There's one way to see how this works. To start off with, you have $r$ parameters, $n_1, n_2, \ldots n_r$ and you have two constraints: the total number of particles, and the total energy. So there are $r-2$ independent parameters.

Now, we introduce two new parameters, the two Lagrange multipliers. We don't introduce any new constraints. So now the situation is that we have $r+2$ parameters, and we have $2$ constraints. So there are $r$ independent parameters. We can let those $r$ independent parameters be $n_1, n_2, \ldots n_r$. Then the two lagrange multipliers are determined by those.
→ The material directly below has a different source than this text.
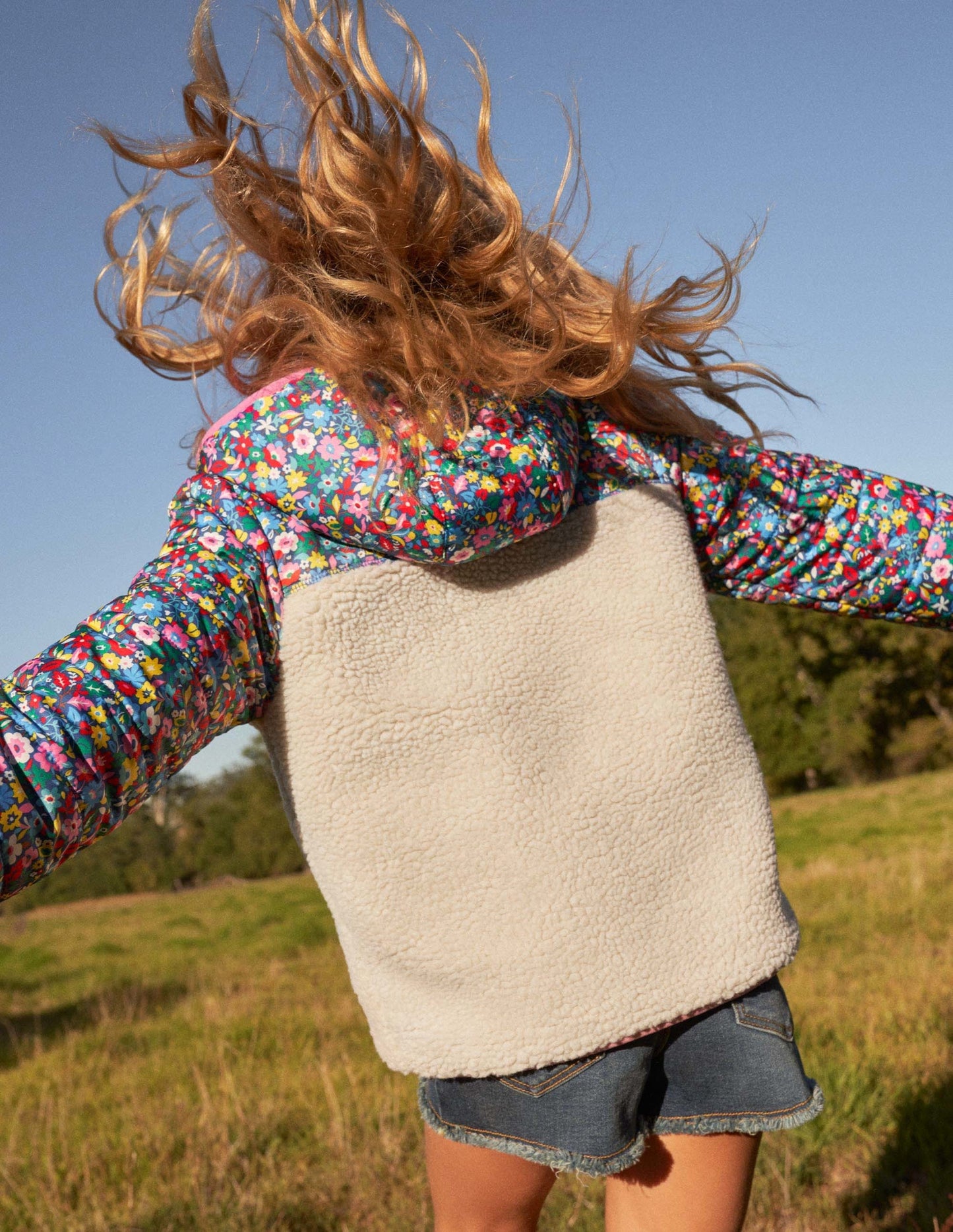 Colourblock Borg Jacket-Borg Multi Patchwork Floral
So introducing lagrange multipliers allows us to treat the $n_i$ as independent.

stevendaryl
Staff Emeritus
There's one way to see how this works. To start off with, you have $r$ parameters, $n_1, n_2, \ldots n_r$ and you have two constraints: the total number of particles, and the total energy. So there are $r-2$ independent parameters.

Now, we introduce two new parameters, the two Lagrange multipliers. We don't introduce any new constraints. So now the situation is that we have $r+2$ parameters, and we have $2$ constraints. So there are $r$ independent parameters. We can let those $r$ independent parameters be $n_1, n_2, \ldots n_r$. Then the two lagrange multipliers are determined by those.
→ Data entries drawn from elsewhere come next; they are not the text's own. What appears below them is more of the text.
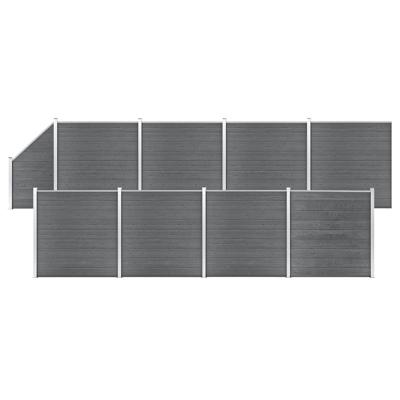 Schuttingset 8 vierkant en 1 schuin 1484x186 cm HKC grijs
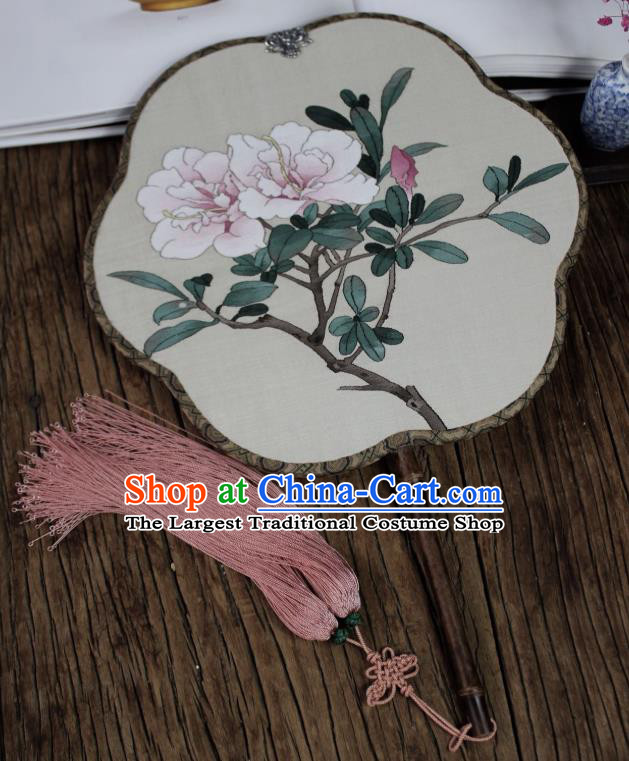 China Traditional Silk Begonia Fan Handmade Azalea Pattern Palace Fan Ancient Princess Court Fan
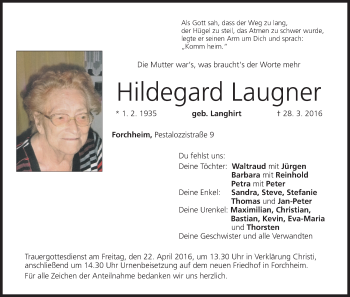 Anzeige von Hildegard Laugner von MGO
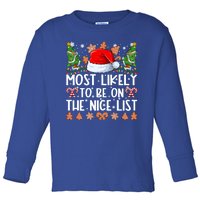 Most Likely To Be On The Nice List Family Christmas Pajamas Toddler Long Sleeve Shirt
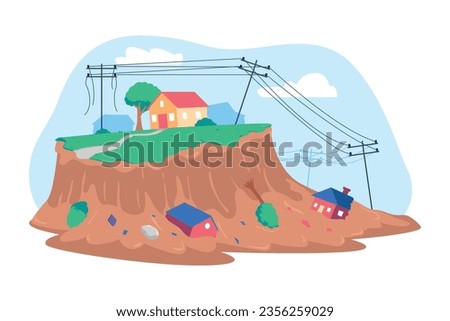 Landslide vector illustration. Natural disaster vector illustration. [[stock_photo]] © 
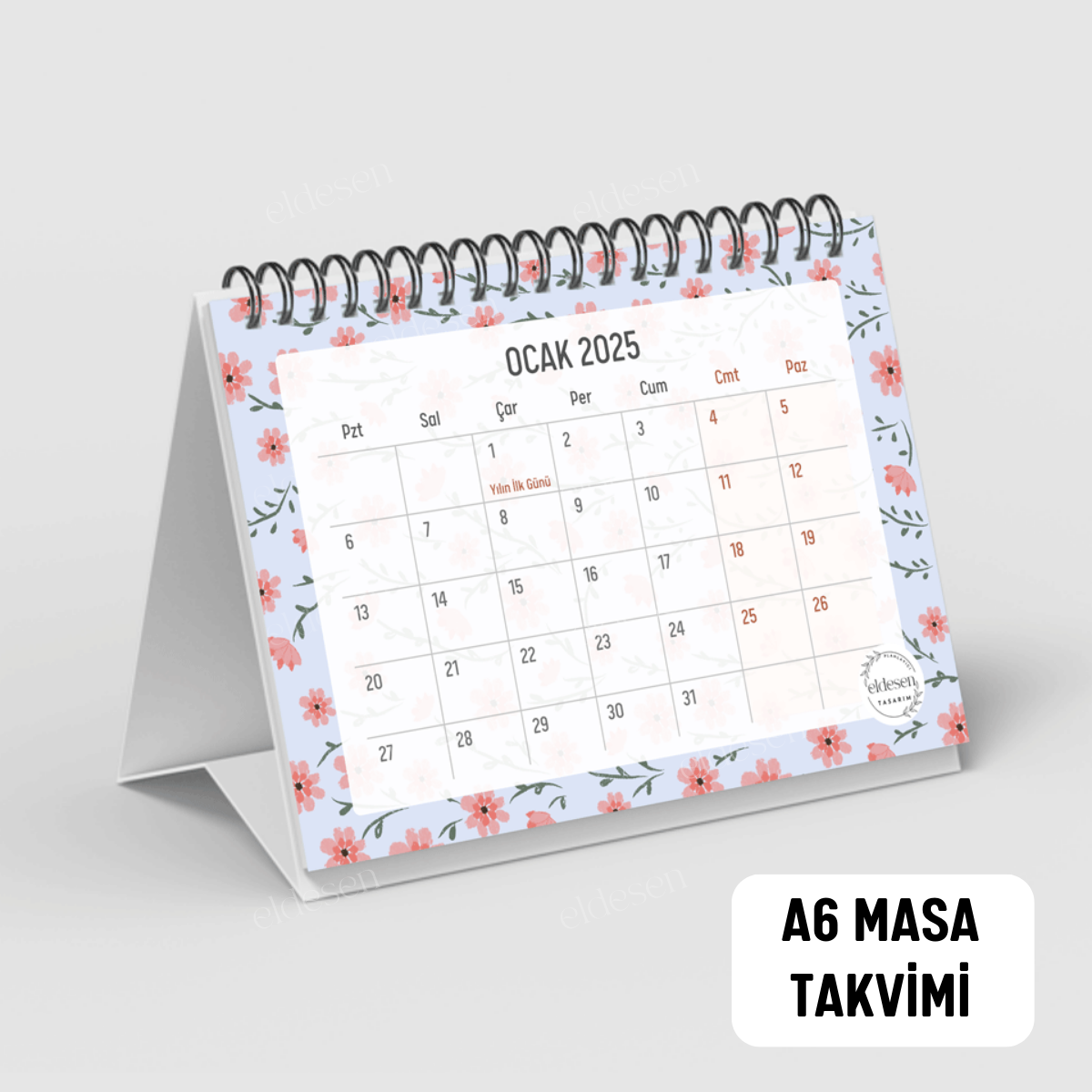 Pembe Çiçekli 2025 Yılı Aylık Masa Takvimi Spiralli A6 resmi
So introducing lagrange multipliers allows us to treat the $n_i$ as independent.
We can work out the very simplest case: just two energy levels $e_1$ and $e_2$. In this case, we don't need lagrange multipliers, because the constraints uniquely determine $n_1$ and $n_2$:

$n_1 + n_2 = N$
$n_1 e_1 + n_2 e_2 = E$

So

$n_1 = \dfrac{N e_2 - E}{e_2 - e_1}$
$n_2 = \dfrac{E - N e_1}{e_2 - e_1}$

The Lagrange multiplier approach gives us:

$ln(n_1) - a - b e_1 = 0$
$ln(n_2) - a - b e_2 = 0$

So

$n_1 = e^{a+b e_1}$
$n_2 = e^{a + b e_2}$

We still have the same constraints:

$n_1 + n_2 = N$
$n_1 e_1 + n_2 e_2 = E$

but these become constraints on $a$ and $b$:

$e^{a + b e_1} + e^{a + b e_2} = N$
$e_1 e^{a + b e_1} + e_2 e^{a + b e_2} = E$